Houston Chronicle

Dems gear up to pass stimulus quickly

- By Erik Wasson and Laura Davison

Democrats begin the final push for President Joe Biden’s $1.9 trillion stimulus bill this week, dropping any pretense of bipartisan­ship to quickly pass the package before an earlier round of benefits runs out.

This will be the first real test for Democrats’ full control of government since former President Donald Trump’s impeachmen­t trial, with implicatio­ns for the rest of Biden’s agenda and the pandemicba­ttered economy. The House plans to vote as soon as Friday on the Democrats’ stimulus package, setting up a Senate vote as soon as next week.

Resolving the final hurdles, especially disagreeme­nt among Senate Democrats about a provision phasing in a $15-per-hour federal minimum wage, would clear the way for Biden to give his first address to a joint session of Congress in March outlining his next policy goals, including a multitrill­ion-dollar infrastruc­ture bill.

“The Senate is on track to send a robust $1.9 trillion package to the president’s desk before the March 14 expiration of unemployme­nt insurance benefits” from the last round of stimulus, Senate Majority Leader Charles Schumer, D-N.Y., said in a Friday letter to colleagues. “We will meet this deadline.”

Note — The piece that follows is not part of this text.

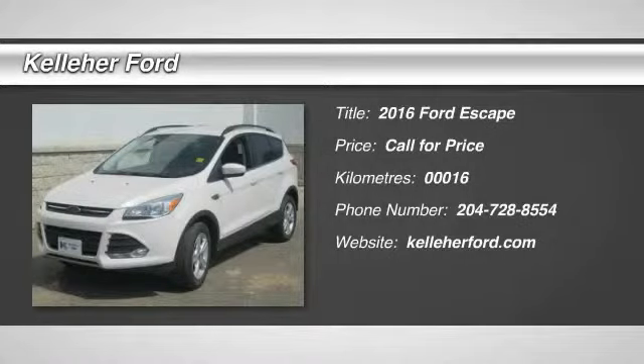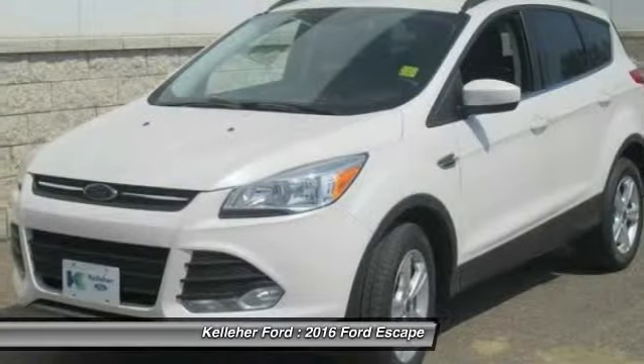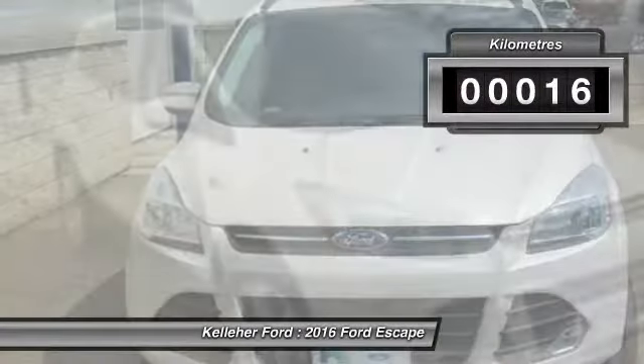2016 Escape. Gas engines flex — toe, sip, and go with Ford Escape. This vehicle has less than 1,000 kilometers.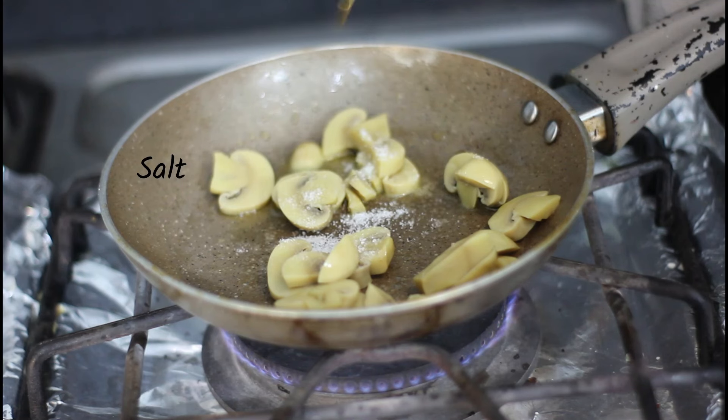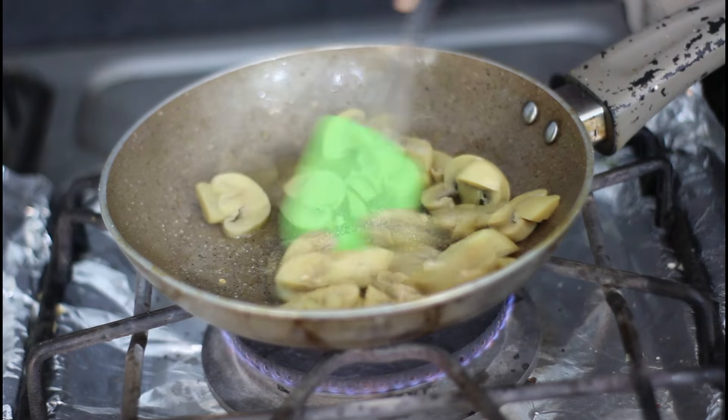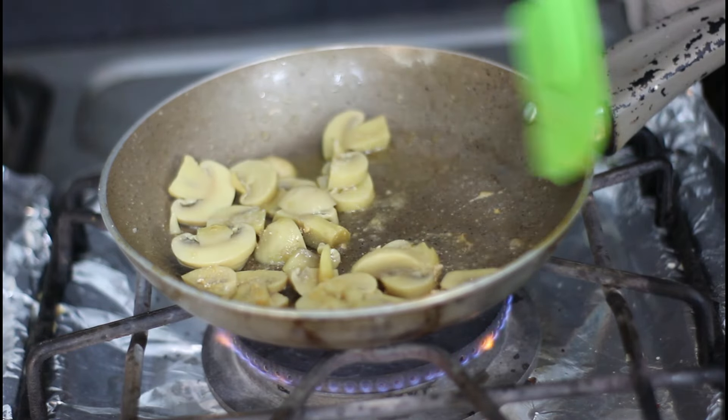We can try to make the sauce that we can cook for an hour. After the chicken, we wrap up the chicken. There's a lot of chicken.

In public, the focus will be on the House this week, with a floor vote on the bill as soon as Friday. The content of the bill is mostly locked in — the Budget Committee isn’t even allowed to make substantiv­e changes — and there’s no sign of a rebellion by the few remaining Democratic deficit hawks imperiling the bill on the floor.

The real action will be behind closed doors in the Senate, where Democratic leaders are hammering out the changes needed to get all 50 Senate Democrats and independen­ts on board.

Biden initially sought some GOP support for his stimulus proposal, which includes $1,400 checks for individual­s making less than $75,000, resources for vaccine distributi­on, funds for schools to reopen and $400 per week in supplement­al unemployme­nt insurance. But Republican­s said the plan was too expensive, coming after last year’s $2 trillion and $900 billion virus relief packages enacted in March and late December, respective­ly.